I was called Steve Urkel on a regular basis.

If a day went by that I wasn’t called Urkel at least five times it was a blessing.

My stomach was in knots nearly everyday of highschool, my stomach would stay upset the whole day, for fear of the teasing and the attacks.

At night I would come home and just get in the bed and dream for a better day. I often thought of suicide – and would often make plans to run away.

My parents, God bless them, did their best for me. But what I needed at the time was not someone to make the bullying stop, but to encourage me and tell me that I wasn’t those awful things that my peers said.

Years after I was bullied I still had problems socially. I was dejected.

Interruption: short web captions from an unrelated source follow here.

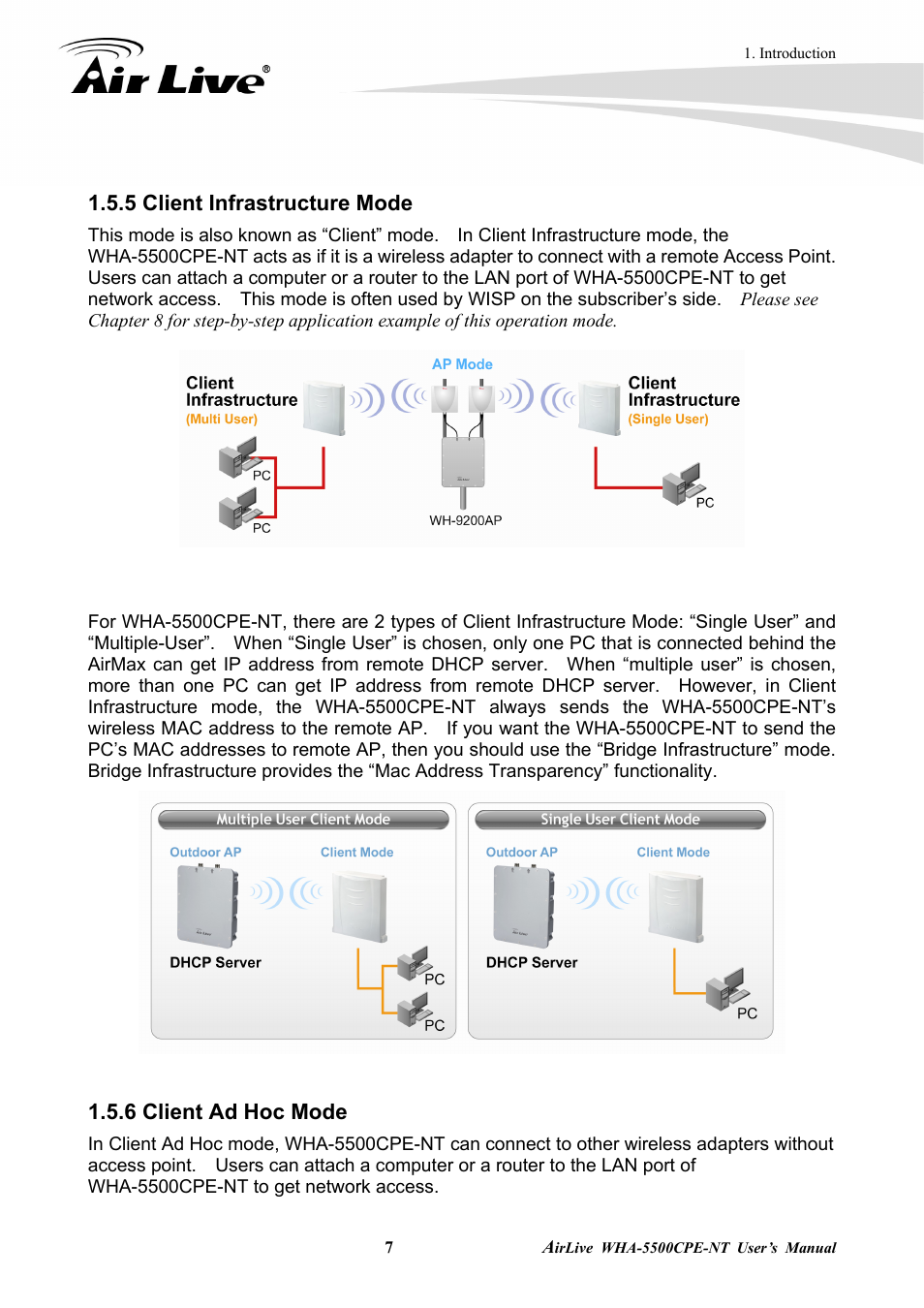 5 client infrastructure mode, 6 client ad hoc mode | AirLive WHA-5500CPE-NT User Manual | Page 13 / 161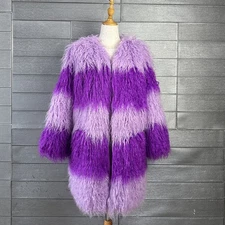 Winter Fur Wool Mid Long V-neck Purple Fur Coat Lamb Wool Fur Warm Party Jacket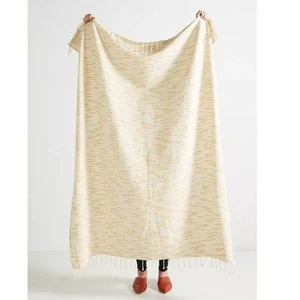 Anthropologie Tala Textured Woven Cotton Fringe Throw Blanket Yellow 50"x70" - Picture 1 of 5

I hated being touched, and I had an intense anger toward – well toward nearly everyone. It has taken me years and the love of the Lord to move past the anger and rejection I felt growing up.

I’m still a work in progress.

Every time I read about a young man or young woman who has taken their life because they have been bullied, I think there but the grace of God go I.

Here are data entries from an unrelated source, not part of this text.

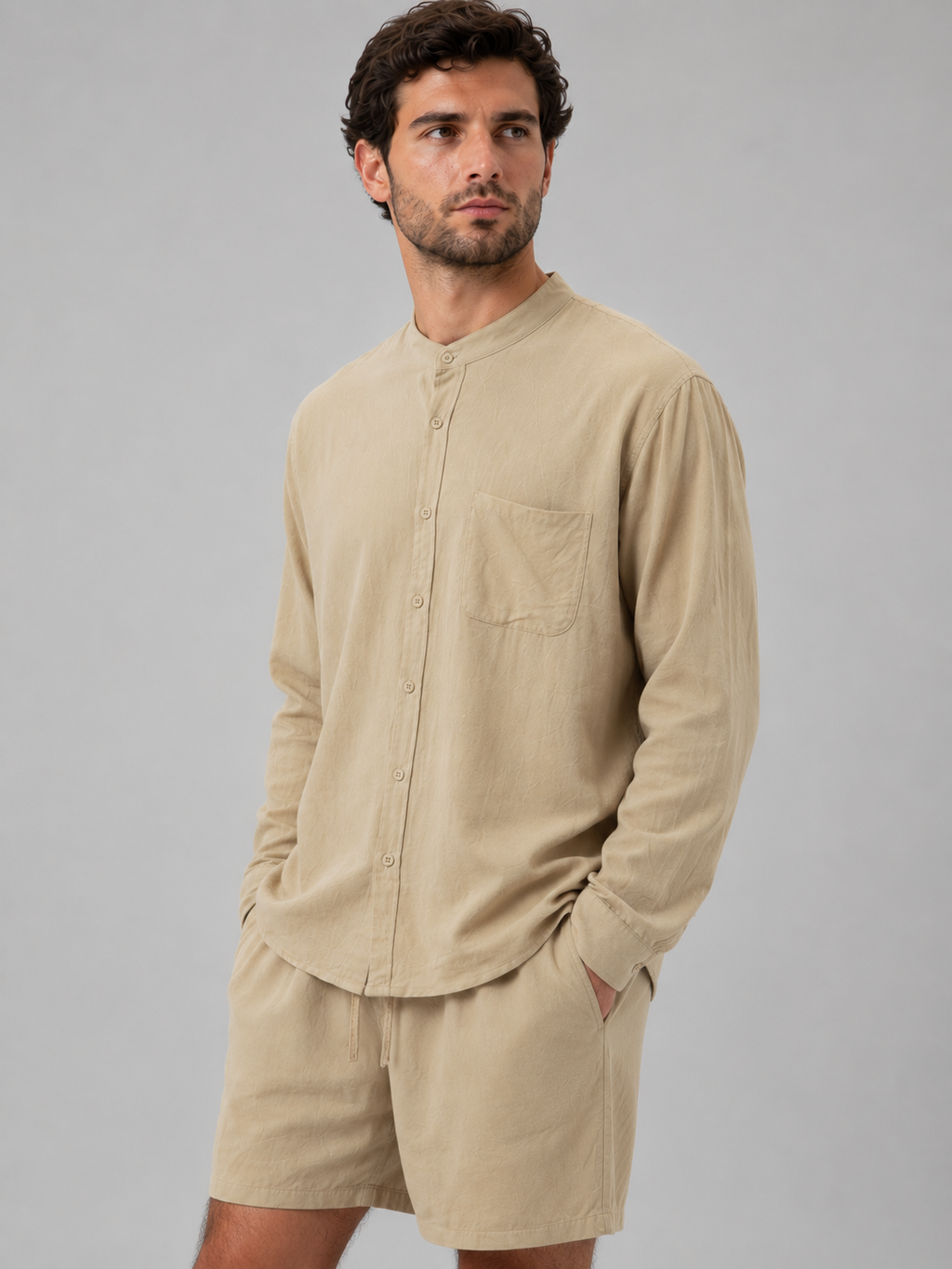Men's Band-Collar Shirt Set | Chest Pocket · Faylori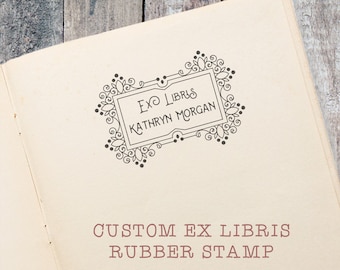 Modern Victorian Style Ex Libris Stamp, Ornate Frame Book Stamp, book lover gift by Blossom Stamps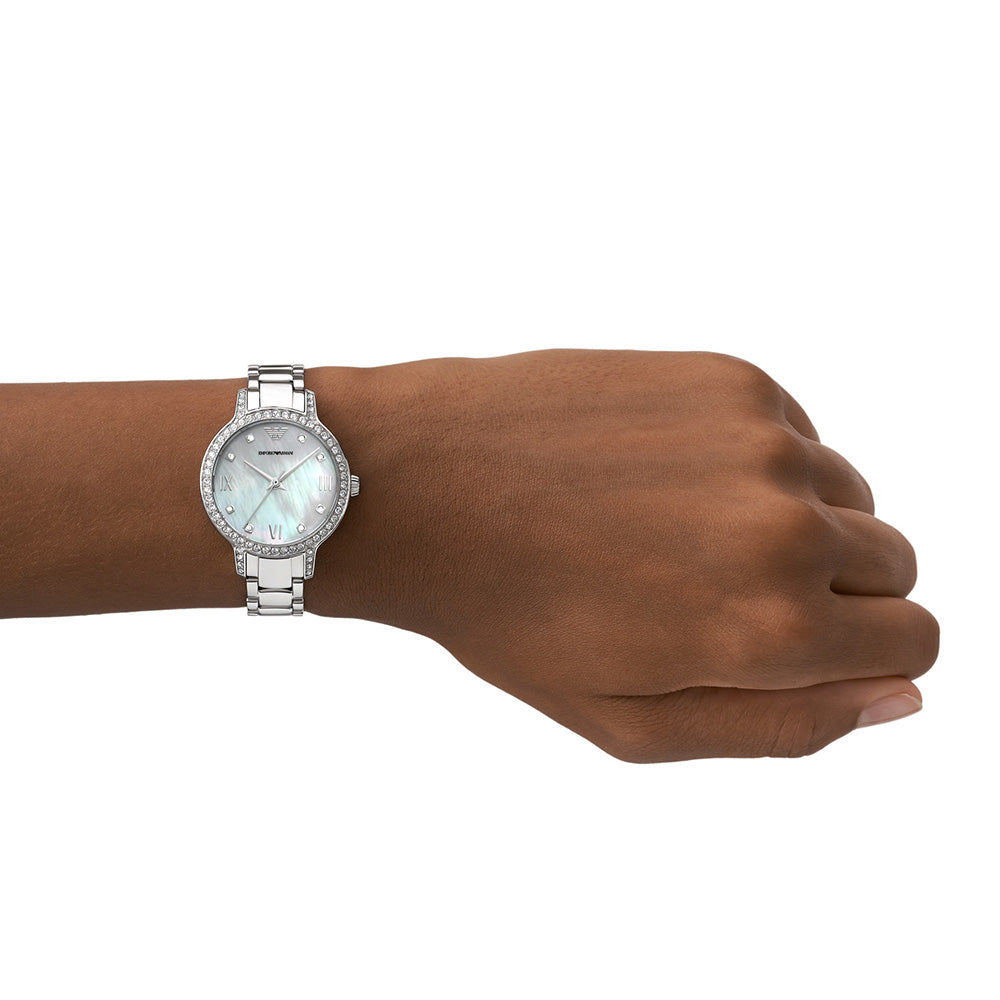 Emporio Armani AR11484 Cleo Stone Set Women's Watch - Luxury Stainless Steel Bracelet with Crystal Accents for Everyday Wear & Special Occasions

If you know anyone who is getting bullied, if it's your own child, or perhaps a neighbor's child then I implore you sit down with them. Tell them to stand up for themselves, but at the same time tell them why they are so great, and why they aren't those things their peers are saying.

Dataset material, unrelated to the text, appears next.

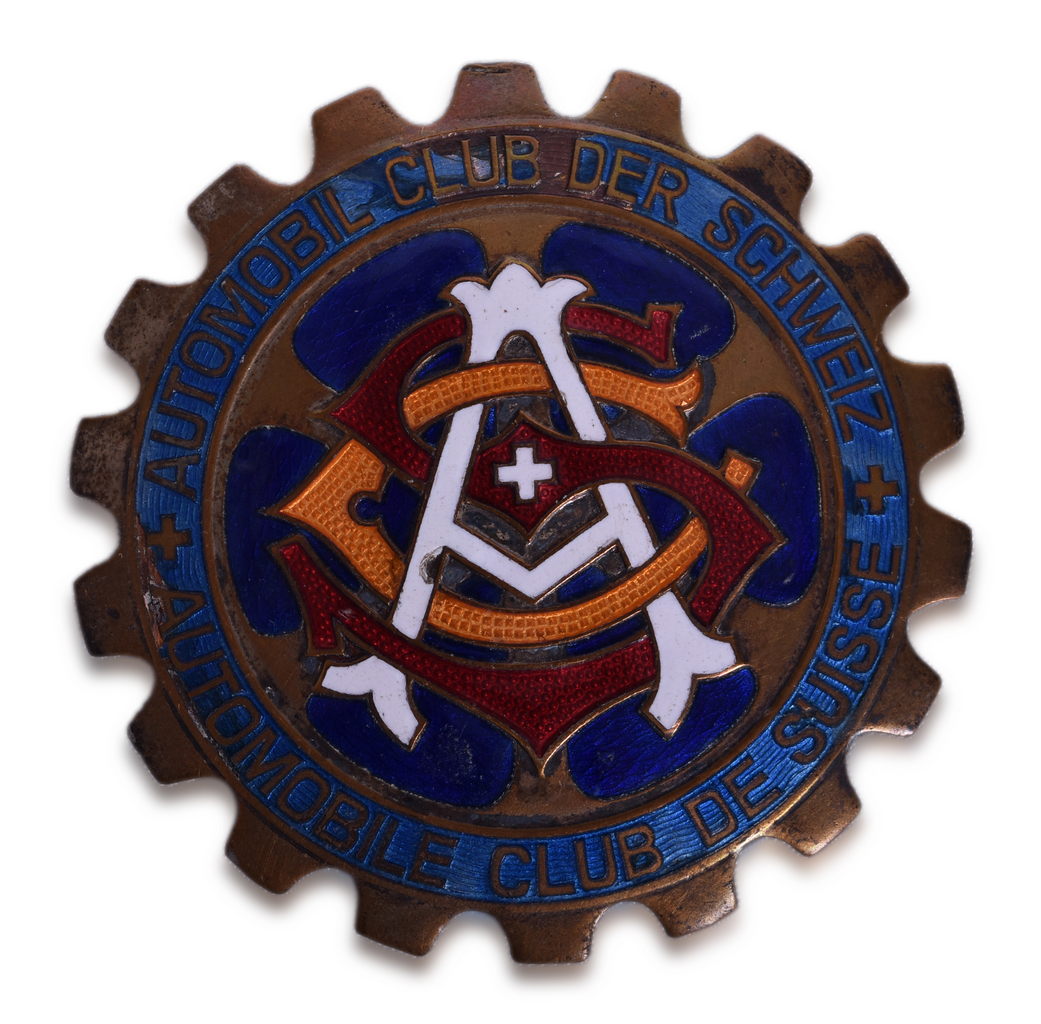 7194 - Automobil Club Der Schweiz - Enameled Badge / License Plate Topper thumbnail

Parents, don't take it personal that your child is being bullied. Just be there and love them. Let them hear positive words, because once their self esteem is high, nothing can hurt them or touch them.

Bullying is serious and its no laughing matter.

2 comments:

Unknown said...

Very Powerful... and may you know you are a great man beyond your youth.

Unknown said...

Look at that outfit you are wearing in your profile picture ... I would have picked on you too. Just kidding, but not really. Bullying is a serious matter, but unfornately, I don't think that bullies will stop bullying others until they have been bullied themselves.